• **Task item**: Filter the records below for the word "Photo". Keep each line that has it.

• **Data provided**:
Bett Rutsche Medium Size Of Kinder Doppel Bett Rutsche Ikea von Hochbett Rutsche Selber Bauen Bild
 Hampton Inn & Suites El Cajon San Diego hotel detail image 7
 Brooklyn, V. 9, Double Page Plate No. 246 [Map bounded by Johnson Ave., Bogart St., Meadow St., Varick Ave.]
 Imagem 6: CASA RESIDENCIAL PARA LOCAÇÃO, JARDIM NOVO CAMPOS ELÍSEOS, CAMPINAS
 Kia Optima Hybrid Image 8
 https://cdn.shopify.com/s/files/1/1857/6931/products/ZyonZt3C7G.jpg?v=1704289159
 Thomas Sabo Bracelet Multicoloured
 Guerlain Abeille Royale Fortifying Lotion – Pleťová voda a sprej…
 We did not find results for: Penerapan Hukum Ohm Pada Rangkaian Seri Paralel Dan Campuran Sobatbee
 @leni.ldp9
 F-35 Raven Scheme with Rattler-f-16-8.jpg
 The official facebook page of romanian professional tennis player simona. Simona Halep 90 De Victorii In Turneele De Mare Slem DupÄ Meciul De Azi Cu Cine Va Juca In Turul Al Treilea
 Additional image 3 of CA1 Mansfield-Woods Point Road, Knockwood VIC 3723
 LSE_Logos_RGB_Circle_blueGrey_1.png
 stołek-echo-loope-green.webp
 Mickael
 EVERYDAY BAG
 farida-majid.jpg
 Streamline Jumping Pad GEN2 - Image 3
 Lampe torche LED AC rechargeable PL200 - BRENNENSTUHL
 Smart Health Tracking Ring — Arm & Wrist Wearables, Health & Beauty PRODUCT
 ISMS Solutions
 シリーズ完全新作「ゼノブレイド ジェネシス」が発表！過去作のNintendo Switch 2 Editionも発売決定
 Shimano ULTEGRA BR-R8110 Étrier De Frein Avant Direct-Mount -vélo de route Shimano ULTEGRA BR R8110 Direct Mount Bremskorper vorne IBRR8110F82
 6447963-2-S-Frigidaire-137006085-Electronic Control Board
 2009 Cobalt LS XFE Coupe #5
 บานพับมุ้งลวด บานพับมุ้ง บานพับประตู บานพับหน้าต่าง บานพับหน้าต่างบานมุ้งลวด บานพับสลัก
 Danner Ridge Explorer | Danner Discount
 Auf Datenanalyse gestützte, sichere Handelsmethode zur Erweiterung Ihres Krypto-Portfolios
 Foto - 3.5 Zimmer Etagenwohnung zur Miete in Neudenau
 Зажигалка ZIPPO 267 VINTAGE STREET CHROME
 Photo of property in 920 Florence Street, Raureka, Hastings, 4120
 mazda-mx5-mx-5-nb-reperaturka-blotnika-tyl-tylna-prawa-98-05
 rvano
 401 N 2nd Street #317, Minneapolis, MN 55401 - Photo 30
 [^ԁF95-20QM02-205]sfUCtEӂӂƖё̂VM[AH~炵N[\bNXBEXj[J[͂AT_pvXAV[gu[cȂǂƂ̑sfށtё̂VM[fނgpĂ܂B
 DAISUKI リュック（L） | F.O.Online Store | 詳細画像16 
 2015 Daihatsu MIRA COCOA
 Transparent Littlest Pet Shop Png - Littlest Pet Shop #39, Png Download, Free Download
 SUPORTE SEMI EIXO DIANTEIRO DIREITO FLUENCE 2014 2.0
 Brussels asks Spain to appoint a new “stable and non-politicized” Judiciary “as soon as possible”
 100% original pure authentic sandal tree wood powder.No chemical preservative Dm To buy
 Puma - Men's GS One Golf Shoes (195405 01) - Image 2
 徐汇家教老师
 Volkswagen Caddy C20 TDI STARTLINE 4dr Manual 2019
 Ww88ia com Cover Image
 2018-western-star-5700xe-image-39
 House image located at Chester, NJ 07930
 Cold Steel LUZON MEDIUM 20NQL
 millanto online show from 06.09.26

• **Problem solution**:
 Photo of property in 920 Florence Street, Raureka, Hastings, 4120
 401 N 2nd Street #317, Minneapolis, MN 55401 - Photo 30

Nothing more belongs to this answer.